Thanks for offering!
Well, I’m currently at a private practice and and have learned from experience how cut throat contract and financial negotiations can be. This is my 3rd practice. I have learned that certain owners just don’t want a partner(even though they promise this), instead they want a workhorse doing procedures all day for a salary. I’ll tell you, I work hard, but also now understand when to cut my loses.
With that in mind, it’s hard to ask about what is a relevant topic unless I’m in the midst of a scenario.
I will say, the “contract gotchas” definitely raised an eyebrow. Besides non-competes(which are discussed to death) maybe there are other ones that you may consider valuable?
A few high level thoughts
-Indemnification: Always have an attorney review this section. You’ll want it to be mutual and make sure it is not too strong. Basically this means you’d hold your “boss”/partner harmless from any expenses incurred that may not be covered by your malpractice policy, generally for your misconduct. Indemnification language is pretty standard in many independent contractor arrangements when you carry your own malpractice but is sometimes part of employment agreements as well. Depending on language, if your boss is named in an action (a patient alleges you sexually harassed them or alleged you seemed impaired when you botched a procedure), there’s an argument you need to pay your bosses legal bills. You’ll want to make sure it’s not too overbearing and cuts both ways (Mutual indemnification)
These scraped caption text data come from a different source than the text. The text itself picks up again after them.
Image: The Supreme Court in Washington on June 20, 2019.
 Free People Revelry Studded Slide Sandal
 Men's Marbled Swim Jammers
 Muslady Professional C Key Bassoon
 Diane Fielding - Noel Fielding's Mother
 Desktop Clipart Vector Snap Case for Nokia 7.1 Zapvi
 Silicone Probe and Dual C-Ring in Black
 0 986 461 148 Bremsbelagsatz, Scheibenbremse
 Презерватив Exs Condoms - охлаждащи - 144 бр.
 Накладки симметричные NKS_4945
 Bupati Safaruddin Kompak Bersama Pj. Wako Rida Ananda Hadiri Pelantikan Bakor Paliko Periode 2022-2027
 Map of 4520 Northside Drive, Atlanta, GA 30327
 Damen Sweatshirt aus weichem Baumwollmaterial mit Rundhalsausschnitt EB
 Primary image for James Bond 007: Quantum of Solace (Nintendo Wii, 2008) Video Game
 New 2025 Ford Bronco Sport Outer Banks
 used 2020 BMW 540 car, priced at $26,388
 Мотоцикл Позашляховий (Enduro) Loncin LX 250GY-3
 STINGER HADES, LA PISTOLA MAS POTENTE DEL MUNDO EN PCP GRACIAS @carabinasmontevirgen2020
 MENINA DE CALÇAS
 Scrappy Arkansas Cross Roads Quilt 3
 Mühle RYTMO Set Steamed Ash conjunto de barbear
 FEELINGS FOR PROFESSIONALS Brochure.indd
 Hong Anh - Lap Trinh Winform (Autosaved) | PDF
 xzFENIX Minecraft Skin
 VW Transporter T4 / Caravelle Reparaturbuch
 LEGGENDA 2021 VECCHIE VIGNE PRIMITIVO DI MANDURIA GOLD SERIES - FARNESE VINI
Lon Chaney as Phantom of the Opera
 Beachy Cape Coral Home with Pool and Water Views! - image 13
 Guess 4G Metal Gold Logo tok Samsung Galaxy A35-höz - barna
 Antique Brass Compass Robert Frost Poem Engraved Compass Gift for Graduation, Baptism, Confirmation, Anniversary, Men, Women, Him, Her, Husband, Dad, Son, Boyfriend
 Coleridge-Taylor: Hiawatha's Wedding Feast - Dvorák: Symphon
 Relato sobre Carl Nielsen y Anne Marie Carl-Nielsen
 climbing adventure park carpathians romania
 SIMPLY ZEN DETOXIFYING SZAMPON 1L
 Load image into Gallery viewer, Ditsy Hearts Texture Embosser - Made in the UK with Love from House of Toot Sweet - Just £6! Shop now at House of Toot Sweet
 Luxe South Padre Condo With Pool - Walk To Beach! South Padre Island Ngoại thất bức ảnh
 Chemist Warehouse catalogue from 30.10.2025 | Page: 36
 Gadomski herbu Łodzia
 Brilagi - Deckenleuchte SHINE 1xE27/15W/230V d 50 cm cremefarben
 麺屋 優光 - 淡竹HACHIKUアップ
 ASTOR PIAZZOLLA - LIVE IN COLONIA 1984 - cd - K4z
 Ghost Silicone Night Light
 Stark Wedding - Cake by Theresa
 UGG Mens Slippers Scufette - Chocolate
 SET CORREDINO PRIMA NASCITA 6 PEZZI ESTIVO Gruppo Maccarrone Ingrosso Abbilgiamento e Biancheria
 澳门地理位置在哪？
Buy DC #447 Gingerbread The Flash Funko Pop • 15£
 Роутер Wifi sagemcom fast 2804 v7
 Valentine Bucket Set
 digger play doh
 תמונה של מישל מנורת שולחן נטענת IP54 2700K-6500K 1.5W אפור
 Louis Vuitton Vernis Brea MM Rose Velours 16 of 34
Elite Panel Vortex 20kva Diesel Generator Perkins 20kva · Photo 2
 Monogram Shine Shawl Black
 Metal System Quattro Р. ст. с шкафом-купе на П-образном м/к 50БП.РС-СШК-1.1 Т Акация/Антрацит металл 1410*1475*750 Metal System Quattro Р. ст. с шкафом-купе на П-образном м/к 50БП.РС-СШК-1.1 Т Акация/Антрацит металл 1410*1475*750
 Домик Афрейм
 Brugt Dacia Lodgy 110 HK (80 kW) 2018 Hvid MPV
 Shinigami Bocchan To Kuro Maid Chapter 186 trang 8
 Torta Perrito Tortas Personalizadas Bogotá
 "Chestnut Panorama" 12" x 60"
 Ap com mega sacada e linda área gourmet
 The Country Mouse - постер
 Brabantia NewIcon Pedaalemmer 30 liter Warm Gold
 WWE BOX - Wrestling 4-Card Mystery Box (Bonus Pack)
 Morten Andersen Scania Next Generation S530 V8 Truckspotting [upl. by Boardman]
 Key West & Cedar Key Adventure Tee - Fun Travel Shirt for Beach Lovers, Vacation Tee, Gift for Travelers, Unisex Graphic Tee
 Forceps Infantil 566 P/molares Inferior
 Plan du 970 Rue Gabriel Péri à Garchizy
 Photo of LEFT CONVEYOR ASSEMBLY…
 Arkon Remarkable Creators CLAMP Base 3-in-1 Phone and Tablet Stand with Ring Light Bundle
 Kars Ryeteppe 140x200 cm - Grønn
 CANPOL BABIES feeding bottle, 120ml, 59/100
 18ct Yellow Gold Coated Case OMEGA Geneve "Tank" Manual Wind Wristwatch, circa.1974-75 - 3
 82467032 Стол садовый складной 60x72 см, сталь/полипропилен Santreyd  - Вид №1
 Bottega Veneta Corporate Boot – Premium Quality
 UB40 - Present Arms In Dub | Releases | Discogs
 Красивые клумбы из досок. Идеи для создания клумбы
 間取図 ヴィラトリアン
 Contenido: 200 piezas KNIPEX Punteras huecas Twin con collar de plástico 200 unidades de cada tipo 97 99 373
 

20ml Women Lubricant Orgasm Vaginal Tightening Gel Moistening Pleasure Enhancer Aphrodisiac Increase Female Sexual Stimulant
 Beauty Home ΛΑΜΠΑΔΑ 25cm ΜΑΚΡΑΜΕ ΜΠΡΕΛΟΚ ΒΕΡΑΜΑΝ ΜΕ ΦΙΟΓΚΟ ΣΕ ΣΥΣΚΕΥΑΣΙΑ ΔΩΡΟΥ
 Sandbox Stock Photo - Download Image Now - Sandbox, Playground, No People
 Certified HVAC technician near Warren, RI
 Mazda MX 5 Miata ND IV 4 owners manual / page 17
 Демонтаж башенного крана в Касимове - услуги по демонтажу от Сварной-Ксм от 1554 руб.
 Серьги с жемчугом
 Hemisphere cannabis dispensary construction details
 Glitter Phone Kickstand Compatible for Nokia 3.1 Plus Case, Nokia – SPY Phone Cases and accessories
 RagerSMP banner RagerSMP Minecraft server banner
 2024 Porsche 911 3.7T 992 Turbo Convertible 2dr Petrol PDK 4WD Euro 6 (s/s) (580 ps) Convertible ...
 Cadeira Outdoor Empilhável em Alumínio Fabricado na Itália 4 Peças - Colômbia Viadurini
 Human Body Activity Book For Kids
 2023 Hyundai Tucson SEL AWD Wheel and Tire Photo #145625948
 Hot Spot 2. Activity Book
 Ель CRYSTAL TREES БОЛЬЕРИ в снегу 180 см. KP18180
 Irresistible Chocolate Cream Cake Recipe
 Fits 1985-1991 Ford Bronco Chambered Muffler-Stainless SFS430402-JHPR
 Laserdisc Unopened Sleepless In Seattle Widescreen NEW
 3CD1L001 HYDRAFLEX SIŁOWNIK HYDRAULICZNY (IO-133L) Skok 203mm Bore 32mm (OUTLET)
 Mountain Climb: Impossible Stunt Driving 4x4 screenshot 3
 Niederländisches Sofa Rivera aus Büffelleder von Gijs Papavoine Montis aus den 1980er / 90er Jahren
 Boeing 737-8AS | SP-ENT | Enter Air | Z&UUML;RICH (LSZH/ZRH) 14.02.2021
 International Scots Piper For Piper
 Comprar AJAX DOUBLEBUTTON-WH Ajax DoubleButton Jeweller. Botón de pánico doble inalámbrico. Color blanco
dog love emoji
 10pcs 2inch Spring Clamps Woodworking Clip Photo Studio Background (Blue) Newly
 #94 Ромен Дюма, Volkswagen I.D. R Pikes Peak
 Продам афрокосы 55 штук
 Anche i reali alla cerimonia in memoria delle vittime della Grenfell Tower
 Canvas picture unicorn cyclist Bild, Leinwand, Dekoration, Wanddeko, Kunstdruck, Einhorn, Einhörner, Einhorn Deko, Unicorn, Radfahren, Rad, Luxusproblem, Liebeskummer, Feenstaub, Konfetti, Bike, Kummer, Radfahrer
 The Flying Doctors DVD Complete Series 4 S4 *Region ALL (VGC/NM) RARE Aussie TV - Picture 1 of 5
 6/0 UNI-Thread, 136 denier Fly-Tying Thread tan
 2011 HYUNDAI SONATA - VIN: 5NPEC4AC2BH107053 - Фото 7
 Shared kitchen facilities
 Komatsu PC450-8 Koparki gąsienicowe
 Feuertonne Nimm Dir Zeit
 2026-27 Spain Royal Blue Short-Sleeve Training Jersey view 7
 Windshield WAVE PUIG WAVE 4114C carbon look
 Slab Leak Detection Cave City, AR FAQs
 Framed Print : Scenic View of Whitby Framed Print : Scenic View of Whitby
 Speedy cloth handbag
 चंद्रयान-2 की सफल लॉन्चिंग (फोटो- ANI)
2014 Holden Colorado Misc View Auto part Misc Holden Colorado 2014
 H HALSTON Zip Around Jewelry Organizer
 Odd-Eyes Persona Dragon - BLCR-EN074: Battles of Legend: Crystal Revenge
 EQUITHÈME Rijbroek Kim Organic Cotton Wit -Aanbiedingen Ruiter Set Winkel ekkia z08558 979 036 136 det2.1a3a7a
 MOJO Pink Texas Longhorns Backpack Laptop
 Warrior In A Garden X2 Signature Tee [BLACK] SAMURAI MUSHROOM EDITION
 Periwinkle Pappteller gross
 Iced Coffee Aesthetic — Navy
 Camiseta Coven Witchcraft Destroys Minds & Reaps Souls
Non disparagement clause: let’s say you and your boss are oil and water and it doesn’t work out unrelated to your clinical aptitude. This prevents him from badmouthing you to the hospital CEO impacting your future employment
-Intellectual property language: Make sure it’s clear who owns “what”. If you write a book during your off hours or develop a device on your garage- that should belong to you and not your employer. However if you are developing something during work hours with your employer’s resources/staff/supplies, your employer may have a right to the profits from it (surgeons/proceduralists tend to make the biggest deal out this)
If you are precepting a resident or student, that can slow you down a bit and impact your collections. Your employer may be reimbursed for this from the university- try to get a cut of that money (generally paid hourly or as a stipend) to make you “whole” for the extra time spent between patients explaining things to a student
Since you are paid on collections you are at risk for payer mix and rev cycle performance, both of which are generally outside your control. Consider some high level performance metrics to hold your employer to In order to ensure you aren’t negatively Impacted if they botch revenue cycle. Make sure you have the right to audit/have ready access to your financial data. For instance if you consistently are seeing 100 patients per week and your paycheck all of a sudden drops 20% you have a right to investigate to figure out why. Also hard code in your contract that you’ll receive monthly detailed financial statements of your activity to ensure you are actually being paid what you are entitled to (if you are paid 50% of collections, make sure that matches the monthly reports/aren’t any errors)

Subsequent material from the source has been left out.